━━━ Data ━━━

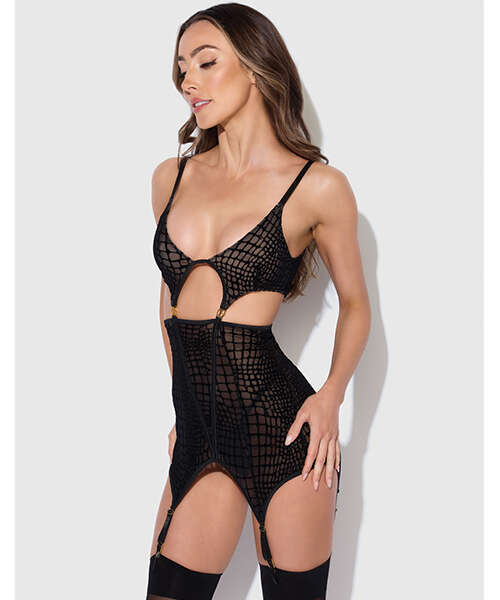 Snake Velvet-Burnout Mesh Chemise & G-String Set - Black XL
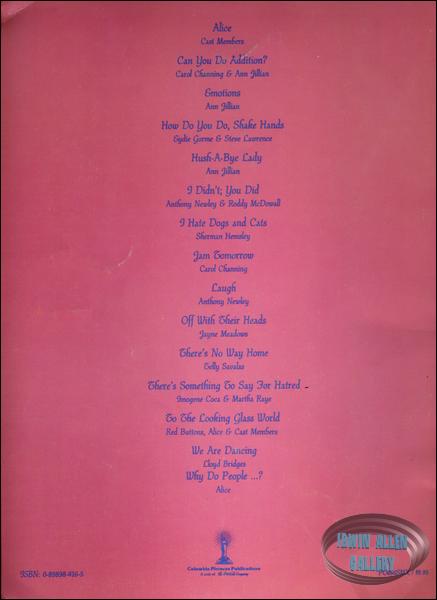 Alice in Wonderland Music Book Back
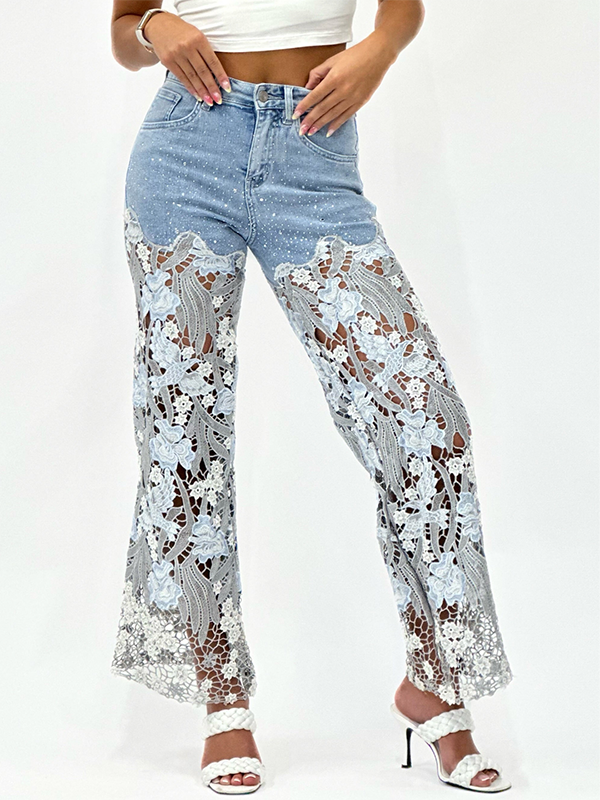 High-Waisted Denim Jeans with Rhinestone and Lace Splicing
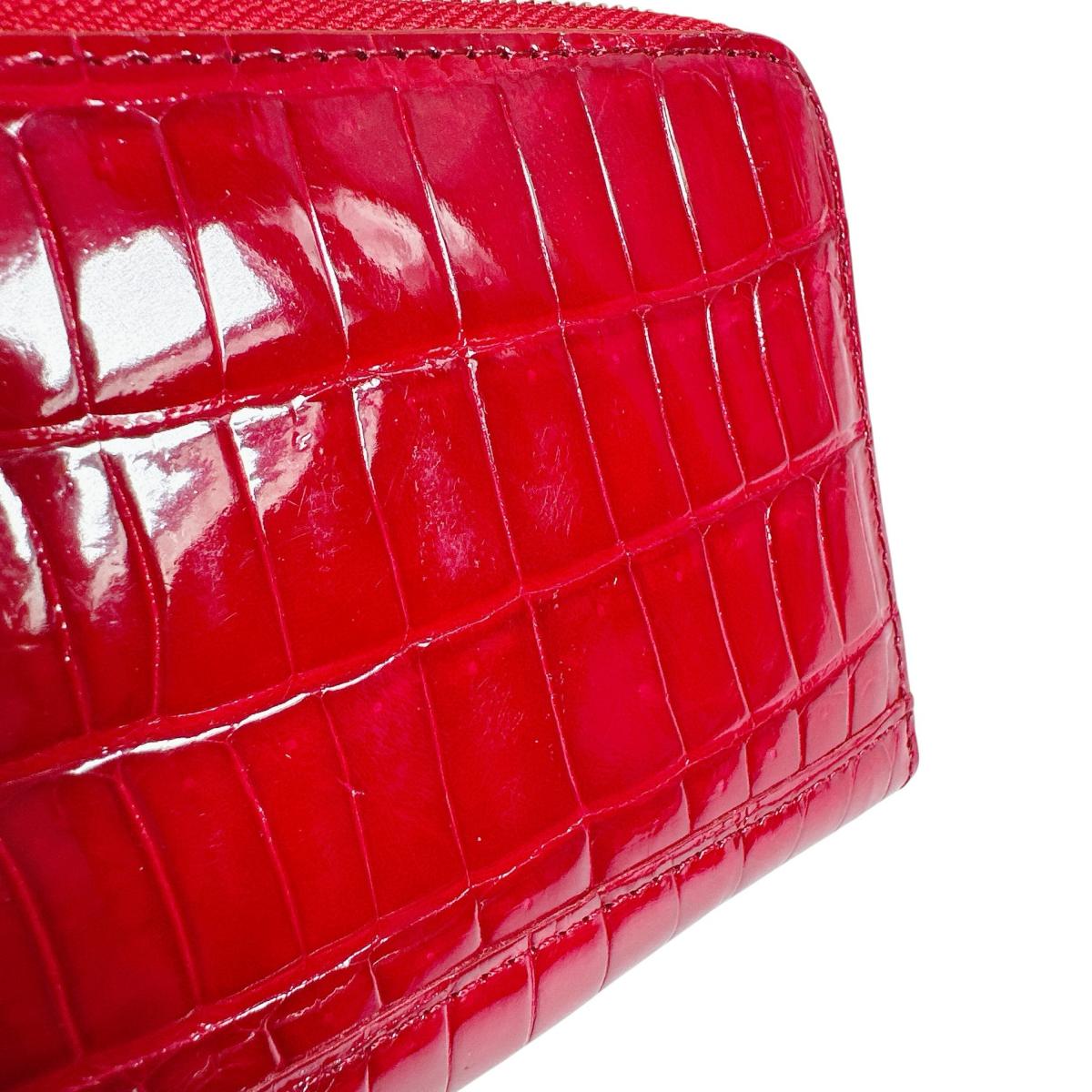 クロコダイル CROCODILE コインケース
 L字小銭入れ HENG LONG クロコダイル KS-606 ルビー 【SS】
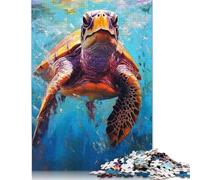 500 Pieces Jigsaw Puzzles Palette Turtle Painting Creative Square Jigsaw Puzzles for Adults And Wooden Puzzles Challenging Game 500pcs (52x38cm)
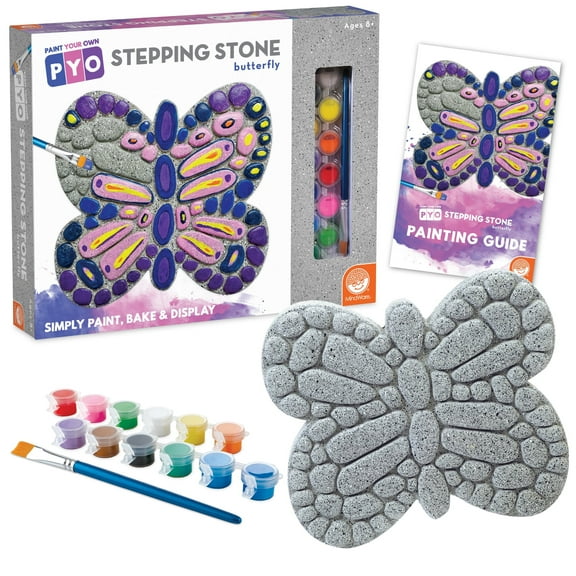 MindWare Paint Your Own Stepping Stone: Butterfly, DIY 10" x 9" Cement Stepping Stone Craft for Kids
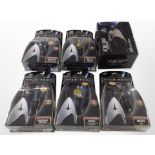 Five Playmates Toys Star Trek figurines,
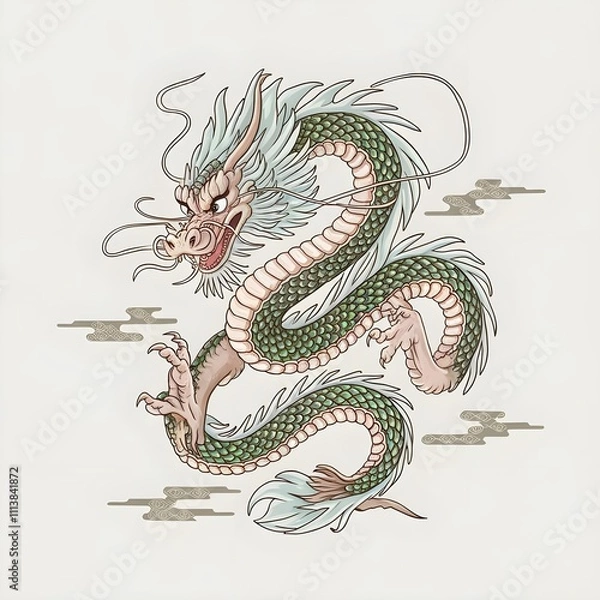 Fototapeta traditional Japanese dragon with a winding, serpent-like body and intricate scales.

━━━

## Task description
Your answer must be the entries repeated exactly, with no pictures.

## Answer to the problem
 Snake Velvet-Burnout Mesh Chemise & G-String Set - Black XL
 Alice in Wonderland Music Book Back
 High-Waisted Denim Jeans with Rhinestone and Lace Splicing
 クロコダイル CROCODILE コインケース
 L字小銭入れ HENG LONG クロコダイル KS-606 ルビー 【SS】
 500 Pieces Jigsaw Puzzles Palette Turtle Painting Creative Square Jigsaw Puzzles for Adults And Wooden Puzzles Challenging Game 500pcs (52x38cm)
 MindWare Paint Your Own Stepping Stone: Butterfly, DIY 10" x 9" Cement Stepping Stone Craft for Kids
 Five Playmates Toys Star Trek figurines,
 Fototapeta traditional Japanese dragon with a winding, serpent-like body and intricate scales.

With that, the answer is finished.